Die an der Humboldt-Universität zu Berlin derzeit entstehende Dissertation von Franziska Kuschel analysiert die immer neuen Versuche, die Nutzung westlicher Medien zu verhindern, die Kommunikation über dort Gehörtes, Gesehenes oder Gelesenes zu kriminalisieren und schließlich Kontakte zu westlichen Medien zu unterbinden. Dazu benutzte die Staatsführung technische Mittel. So war sie beispielsweise mit dem Betrieb von Störsendern zeitweilig erfolgreich, behinderten diese doch den Empfang der Sendungen durch Summ- und Pfeifgeräusche. Die Verbreitung von Printmedien in der DDR ließ sich dagegen leicht kontrollieren, weshalb Zoll und Staatssicherheit bis zum Ende der DDR die Post überwachten. Außerdem versuchte die Führung der DDR, die Mediennutzung durch politischen und sozialen Druck zu steuern. So sah sie das kollektive Fernsehen in so genannten Fernsehstuben als geeignet an, das „Umschalten“ zu verhindern. In diesem Sinne wirkte auch die Propaganda. Bis in die achtziger Jahre hinein sollte die Bevölkerung durch vielfältige Kampagnen für die gewünschte Mediennutzung mobilisiert werden. Die Agitation ging meist mit repressiven Maßnahmen gegen jene einher, die die Boykottaufrufe nicht befolgten. Nicht wenige „geistige Grenzgänger“ (Karl-Eduard von Schnitzler) wurden von Schulen relegiert oder aus der Partei ausgeschlossen. Der Übergang vom moralischen und sozialen Druck auf den Einzelnen zum Einsatz juristischer Mittel war fließend. Der Empfang der westlichen audiovisuellen Medien war in der DDR gesetzlich nicht verboten. Die Realität sah anders aus. Immer wieder mussten sich Menschen vor Gerichten in der DDR verantworten, weil sie beispielsweise Freunde und Kollegen zum gemeinsamen Fernsehen eingeladen hatten oder die Konverter und Antennen zum Empfang des ZDF selbst gebaut und verkauft hatten. Aber auch Kommunikationsprozesse zwischen Medien und Mediennutzern wollte der Staat auf rechtlichem Wege unterbinden. Vielfach wurden Ermittlungen gegen Schreiber von Hörer- und Zuschauerbriefen eingeleitet, gaben sie westlichen Medien doch Informationen über das alltägliche Leben der DDR. Schließlich gab es neben den Maßnahmen zur Abschreckung und Erziehung aber auch Versuche, die Westmediennutzung einzudämmen, indem alternative Programmangebote entwickelt wurden.

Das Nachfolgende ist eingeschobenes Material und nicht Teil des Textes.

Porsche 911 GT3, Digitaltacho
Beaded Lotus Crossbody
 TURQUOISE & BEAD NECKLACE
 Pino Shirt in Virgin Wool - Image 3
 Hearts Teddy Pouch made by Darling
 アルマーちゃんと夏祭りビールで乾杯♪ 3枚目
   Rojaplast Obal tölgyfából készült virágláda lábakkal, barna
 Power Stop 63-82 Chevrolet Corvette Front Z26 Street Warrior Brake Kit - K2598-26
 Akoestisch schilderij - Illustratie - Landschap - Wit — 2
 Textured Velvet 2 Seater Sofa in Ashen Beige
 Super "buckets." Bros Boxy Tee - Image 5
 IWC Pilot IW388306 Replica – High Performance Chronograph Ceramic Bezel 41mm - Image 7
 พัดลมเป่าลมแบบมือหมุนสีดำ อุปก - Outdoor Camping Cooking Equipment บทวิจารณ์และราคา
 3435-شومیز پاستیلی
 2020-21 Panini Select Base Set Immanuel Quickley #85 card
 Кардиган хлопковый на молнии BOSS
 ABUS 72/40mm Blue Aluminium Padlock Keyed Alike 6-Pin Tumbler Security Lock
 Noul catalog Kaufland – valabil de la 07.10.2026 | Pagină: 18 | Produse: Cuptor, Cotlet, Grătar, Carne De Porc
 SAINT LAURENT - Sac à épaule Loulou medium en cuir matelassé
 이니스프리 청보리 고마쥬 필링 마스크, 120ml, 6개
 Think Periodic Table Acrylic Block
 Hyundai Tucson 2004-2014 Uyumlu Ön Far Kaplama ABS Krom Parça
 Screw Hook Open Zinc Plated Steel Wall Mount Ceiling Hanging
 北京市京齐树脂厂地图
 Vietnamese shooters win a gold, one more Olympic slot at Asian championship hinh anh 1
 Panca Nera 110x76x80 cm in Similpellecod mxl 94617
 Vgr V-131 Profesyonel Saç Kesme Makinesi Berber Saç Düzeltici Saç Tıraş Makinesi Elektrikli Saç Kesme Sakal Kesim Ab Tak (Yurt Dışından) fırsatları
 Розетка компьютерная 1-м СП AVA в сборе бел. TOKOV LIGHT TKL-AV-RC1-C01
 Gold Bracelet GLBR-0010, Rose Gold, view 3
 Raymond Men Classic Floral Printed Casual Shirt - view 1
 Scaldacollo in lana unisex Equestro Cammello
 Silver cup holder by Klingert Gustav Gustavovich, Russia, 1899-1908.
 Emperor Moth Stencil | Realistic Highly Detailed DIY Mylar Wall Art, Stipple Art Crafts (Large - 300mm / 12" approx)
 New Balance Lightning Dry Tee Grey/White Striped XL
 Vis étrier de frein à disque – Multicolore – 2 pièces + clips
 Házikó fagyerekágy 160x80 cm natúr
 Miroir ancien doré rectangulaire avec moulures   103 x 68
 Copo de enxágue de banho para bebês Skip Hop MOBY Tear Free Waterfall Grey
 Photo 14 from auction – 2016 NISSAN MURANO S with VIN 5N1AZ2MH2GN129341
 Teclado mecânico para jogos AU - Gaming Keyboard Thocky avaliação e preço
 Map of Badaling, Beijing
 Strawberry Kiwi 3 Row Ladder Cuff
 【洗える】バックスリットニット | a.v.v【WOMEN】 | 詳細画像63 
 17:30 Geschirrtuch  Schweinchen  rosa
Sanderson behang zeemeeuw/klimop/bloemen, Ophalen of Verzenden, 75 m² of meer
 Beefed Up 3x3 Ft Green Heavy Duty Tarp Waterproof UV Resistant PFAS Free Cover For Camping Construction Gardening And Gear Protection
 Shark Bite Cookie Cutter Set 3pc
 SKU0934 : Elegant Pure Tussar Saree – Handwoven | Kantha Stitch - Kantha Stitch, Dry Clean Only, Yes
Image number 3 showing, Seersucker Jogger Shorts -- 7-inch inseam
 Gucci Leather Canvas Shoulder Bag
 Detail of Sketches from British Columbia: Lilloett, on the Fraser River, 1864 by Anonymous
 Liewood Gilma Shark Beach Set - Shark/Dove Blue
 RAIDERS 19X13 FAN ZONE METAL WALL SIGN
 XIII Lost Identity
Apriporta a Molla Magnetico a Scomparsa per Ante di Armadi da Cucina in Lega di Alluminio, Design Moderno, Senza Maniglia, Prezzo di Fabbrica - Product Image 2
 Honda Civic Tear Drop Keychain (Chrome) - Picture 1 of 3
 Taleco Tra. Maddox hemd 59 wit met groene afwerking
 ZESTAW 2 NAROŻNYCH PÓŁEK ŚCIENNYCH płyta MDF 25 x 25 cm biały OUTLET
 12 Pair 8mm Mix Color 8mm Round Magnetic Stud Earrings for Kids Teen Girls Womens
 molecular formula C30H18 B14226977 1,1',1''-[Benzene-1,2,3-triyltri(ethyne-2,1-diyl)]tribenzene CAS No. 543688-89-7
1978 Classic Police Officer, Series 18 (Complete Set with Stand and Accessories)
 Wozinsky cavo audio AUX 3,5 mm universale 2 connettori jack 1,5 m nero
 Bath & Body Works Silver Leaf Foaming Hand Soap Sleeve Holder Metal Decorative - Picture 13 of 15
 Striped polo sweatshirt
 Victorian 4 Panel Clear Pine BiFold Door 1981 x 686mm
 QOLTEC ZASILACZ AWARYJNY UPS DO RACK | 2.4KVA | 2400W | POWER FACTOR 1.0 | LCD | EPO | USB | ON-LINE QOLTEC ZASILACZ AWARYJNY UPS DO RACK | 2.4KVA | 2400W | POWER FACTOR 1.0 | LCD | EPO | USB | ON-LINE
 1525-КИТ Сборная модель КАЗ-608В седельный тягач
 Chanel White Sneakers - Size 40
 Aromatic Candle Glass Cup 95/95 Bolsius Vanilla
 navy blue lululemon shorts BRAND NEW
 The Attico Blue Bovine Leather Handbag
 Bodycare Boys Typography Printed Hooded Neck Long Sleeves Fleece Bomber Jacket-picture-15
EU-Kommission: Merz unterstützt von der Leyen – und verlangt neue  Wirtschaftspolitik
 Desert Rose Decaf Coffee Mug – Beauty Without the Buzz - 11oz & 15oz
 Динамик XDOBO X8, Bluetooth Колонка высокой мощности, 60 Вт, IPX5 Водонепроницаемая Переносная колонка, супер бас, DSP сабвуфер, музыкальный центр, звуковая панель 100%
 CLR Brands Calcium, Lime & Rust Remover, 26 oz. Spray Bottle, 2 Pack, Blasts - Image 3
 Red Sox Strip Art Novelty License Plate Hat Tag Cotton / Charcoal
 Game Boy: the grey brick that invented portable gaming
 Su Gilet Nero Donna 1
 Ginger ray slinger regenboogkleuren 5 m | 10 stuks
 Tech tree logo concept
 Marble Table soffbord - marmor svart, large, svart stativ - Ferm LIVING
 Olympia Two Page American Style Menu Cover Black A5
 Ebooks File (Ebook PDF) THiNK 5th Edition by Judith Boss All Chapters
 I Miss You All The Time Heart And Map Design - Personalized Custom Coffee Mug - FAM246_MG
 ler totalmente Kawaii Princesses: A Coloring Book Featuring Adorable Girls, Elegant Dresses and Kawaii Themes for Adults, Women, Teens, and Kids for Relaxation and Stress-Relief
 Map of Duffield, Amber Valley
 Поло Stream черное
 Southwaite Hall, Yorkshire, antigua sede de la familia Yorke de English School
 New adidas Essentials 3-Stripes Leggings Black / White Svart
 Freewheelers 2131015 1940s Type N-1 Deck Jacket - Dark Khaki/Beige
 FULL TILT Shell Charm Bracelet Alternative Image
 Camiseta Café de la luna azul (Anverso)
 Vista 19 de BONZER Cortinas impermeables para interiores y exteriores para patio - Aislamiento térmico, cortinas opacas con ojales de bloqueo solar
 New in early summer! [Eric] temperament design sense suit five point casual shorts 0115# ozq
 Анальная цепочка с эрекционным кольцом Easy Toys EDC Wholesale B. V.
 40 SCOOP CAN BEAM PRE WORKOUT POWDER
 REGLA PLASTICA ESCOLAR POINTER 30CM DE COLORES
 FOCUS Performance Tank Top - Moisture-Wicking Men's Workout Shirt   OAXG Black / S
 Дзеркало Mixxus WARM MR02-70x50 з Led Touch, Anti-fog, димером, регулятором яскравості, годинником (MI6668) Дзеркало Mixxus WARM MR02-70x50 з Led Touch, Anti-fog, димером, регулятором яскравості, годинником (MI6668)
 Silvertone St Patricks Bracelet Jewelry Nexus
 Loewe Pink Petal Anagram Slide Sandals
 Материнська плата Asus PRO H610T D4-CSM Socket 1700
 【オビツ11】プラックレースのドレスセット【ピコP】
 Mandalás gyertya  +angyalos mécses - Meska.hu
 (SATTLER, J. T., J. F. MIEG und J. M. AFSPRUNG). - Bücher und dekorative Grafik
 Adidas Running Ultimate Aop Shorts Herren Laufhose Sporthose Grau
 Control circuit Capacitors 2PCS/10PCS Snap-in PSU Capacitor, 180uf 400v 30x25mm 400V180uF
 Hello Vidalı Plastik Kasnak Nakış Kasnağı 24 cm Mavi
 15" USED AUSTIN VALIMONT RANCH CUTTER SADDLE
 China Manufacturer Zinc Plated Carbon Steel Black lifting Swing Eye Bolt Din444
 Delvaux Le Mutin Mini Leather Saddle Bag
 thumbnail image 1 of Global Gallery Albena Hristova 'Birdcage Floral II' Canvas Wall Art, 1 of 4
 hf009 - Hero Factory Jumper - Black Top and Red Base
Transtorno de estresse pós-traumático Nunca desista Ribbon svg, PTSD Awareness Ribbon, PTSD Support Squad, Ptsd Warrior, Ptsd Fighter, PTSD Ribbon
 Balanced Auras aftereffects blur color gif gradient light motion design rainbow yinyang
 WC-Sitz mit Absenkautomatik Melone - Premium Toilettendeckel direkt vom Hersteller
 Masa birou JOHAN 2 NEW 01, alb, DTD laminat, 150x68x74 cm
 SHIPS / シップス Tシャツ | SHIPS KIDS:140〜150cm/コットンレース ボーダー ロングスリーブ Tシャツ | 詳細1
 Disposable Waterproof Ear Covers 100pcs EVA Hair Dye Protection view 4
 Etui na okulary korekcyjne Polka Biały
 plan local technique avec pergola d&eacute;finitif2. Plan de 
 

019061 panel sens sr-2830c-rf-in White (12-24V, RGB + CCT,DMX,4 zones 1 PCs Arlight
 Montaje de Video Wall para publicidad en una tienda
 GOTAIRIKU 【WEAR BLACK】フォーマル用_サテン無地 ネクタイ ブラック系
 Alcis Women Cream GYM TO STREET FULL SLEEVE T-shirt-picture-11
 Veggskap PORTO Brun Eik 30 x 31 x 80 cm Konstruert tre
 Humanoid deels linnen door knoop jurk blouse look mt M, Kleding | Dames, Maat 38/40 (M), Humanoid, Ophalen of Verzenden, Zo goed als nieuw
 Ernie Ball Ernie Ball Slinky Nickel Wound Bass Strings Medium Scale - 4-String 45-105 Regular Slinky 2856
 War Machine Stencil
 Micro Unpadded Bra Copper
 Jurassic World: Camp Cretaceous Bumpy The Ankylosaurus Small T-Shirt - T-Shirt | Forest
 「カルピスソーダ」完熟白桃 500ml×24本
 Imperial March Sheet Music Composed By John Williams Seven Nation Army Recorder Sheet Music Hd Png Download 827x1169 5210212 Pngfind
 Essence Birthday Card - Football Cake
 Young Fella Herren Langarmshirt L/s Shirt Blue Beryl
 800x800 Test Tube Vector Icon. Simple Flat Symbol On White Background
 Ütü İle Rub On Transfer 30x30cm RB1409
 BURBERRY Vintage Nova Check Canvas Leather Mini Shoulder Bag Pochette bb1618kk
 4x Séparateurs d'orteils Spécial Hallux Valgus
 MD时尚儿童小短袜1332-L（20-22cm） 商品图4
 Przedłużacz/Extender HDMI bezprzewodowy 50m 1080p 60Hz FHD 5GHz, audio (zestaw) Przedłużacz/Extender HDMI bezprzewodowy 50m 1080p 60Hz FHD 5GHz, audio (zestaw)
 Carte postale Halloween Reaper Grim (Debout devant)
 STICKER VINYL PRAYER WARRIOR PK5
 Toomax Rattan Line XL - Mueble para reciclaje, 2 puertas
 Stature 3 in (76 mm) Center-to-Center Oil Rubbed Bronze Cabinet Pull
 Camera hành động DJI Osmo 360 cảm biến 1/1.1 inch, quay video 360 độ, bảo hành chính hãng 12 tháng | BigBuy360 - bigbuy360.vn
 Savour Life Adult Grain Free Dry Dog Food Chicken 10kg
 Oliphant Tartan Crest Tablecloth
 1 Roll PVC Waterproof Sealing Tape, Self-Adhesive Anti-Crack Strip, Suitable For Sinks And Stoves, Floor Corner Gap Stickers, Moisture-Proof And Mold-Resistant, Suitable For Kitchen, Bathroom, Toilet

Die Dissertation erzählt die Geschichte des Verbots, der Lenkung und Kontrolle „von oben“. Diese Versuche scheiterten aber an den technischen Möglichkeiten des grenzüberschreitenden Empfangs und den eigen-sinnigen Strategien der Nutzer im alltäglichen Umgang mit westlichen Medienangeboten. Nicht zuletzt das massenhafte Ignorieren des Verbots, Westmedien zu konsumieren, zeigt die Grenzen einer repressiven Medienpolitik. Versuche von Kontrollen und Verboten wurden letztlich aufgrund der alltäglichen Praxen der Mediennutzer „unten“ von einer stillschweigenden Duldung abgelöst. Die Arbeit lenkt den Fokus so auf die Möglichkeiten von Aushandlungsprozessen über Grenzen des Erlaubten oder Geduldeten in der DDR.